Problem: Repeat, exactly and alone, every line from the line that contains "Thumbnail: Vintage Singer" to the end of the entries.

-------- Data shown

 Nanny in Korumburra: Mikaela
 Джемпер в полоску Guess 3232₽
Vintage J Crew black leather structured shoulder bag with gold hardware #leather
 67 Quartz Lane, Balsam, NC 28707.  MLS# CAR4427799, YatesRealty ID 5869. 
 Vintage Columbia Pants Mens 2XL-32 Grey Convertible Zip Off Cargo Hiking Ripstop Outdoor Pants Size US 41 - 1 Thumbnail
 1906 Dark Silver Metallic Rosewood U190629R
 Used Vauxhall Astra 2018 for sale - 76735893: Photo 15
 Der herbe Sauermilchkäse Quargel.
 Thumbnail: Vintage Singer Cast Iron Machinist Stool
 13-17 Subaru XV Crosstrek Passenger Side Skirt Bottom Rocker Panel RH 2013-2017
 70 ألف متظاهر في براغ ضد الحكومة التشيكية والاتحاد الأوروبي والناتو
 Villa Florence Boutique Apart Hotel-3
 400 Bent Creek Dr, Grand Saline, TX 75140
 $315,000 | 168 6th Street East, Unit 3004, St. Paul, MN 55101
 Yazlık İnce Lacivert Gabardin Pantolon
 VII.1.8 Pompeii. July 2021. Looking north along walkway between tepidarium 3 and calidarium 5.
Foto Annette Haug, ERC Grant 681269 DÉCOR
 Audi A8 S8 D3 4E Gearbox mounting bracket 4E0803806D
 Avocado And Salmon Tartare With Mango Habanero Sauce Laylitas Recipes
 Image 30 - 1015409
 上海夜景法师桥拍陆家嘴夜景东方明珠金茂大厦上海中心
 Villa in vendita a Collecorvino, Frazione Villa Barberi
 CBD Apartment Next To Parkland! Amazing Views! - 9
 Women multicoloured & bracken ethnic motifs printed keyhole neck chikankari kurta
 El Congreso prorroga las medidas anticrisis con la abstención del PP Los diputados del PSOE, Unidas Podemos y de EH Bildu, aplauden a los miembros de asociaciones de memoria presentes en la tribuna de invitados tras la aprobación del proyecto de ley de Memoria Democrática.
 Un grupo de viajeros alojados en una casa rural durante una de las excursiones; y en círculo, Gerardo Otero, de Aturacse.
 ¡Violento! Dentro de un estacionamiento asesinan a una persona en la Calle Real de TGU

----------------

Answer box:
 Thumbnail: Vintage Singer Cast Iron Machinist Stool
 13-17 Subaru XV Crosstrek Passenger Side Skirt Bottom Rocker Panel RH 2013-2017
 70 ألف متظاهر في براغ ضد الحكومة التشيكية والاتحاد الأوروبي والناتو
 Villa Florence Boutique Apart Hotel-3
 400 Bent Creek Dr, Grand Saline, TX 75140
 $315,000 | 168 6th Street East, Unit 3004, St. Paul, MN 55101
 Yazlık İnce Lacivert Gabardin Pantolon
 VII.1.8 Pompeii. July 2021. Looking north along walkway between tepidarium 3 and calidarium 5.
Foto Annette Haug, ERC Grant 681269 DÉCOR
 Audi A8 S8 D3 4E Gearbox mounting bracket 4E0803806D
 Avocado And Salmon Tartare With Mango Habanero Sauce Laylitas Recipes
 Image 30 - 1015409
 上海夜景法师桥拍陆家嘴夜景东方明珠金茂大厦上海中心
 Villa in vendita a Collecorvino, Frazione Villa Barberi
 CBD Apartment Next To Parkland! Amazing Views! - 9
 Women multicoloured & bracken ethnic motifs printed keyhole neck chikankari kurta
 El Congreso prorroga las medidas anticrisis con la abstención del PP Los diputados del PSOE, Unidas Podemos y de EH Bildu, aplauden a los miembros de asociaciones de memoria presentes en la tribuna de invitados tras la aprobación del proyecto de ley de Memoria Democrática.
 Un grupo de viajeros alojados en una casa rural durante una de las excursiones; y en círculo, Gerardo Otero, de Aturacse.
 ¡Violento! Dentro de un estacionamiento asesinan a una persona en la Calle Real de TGU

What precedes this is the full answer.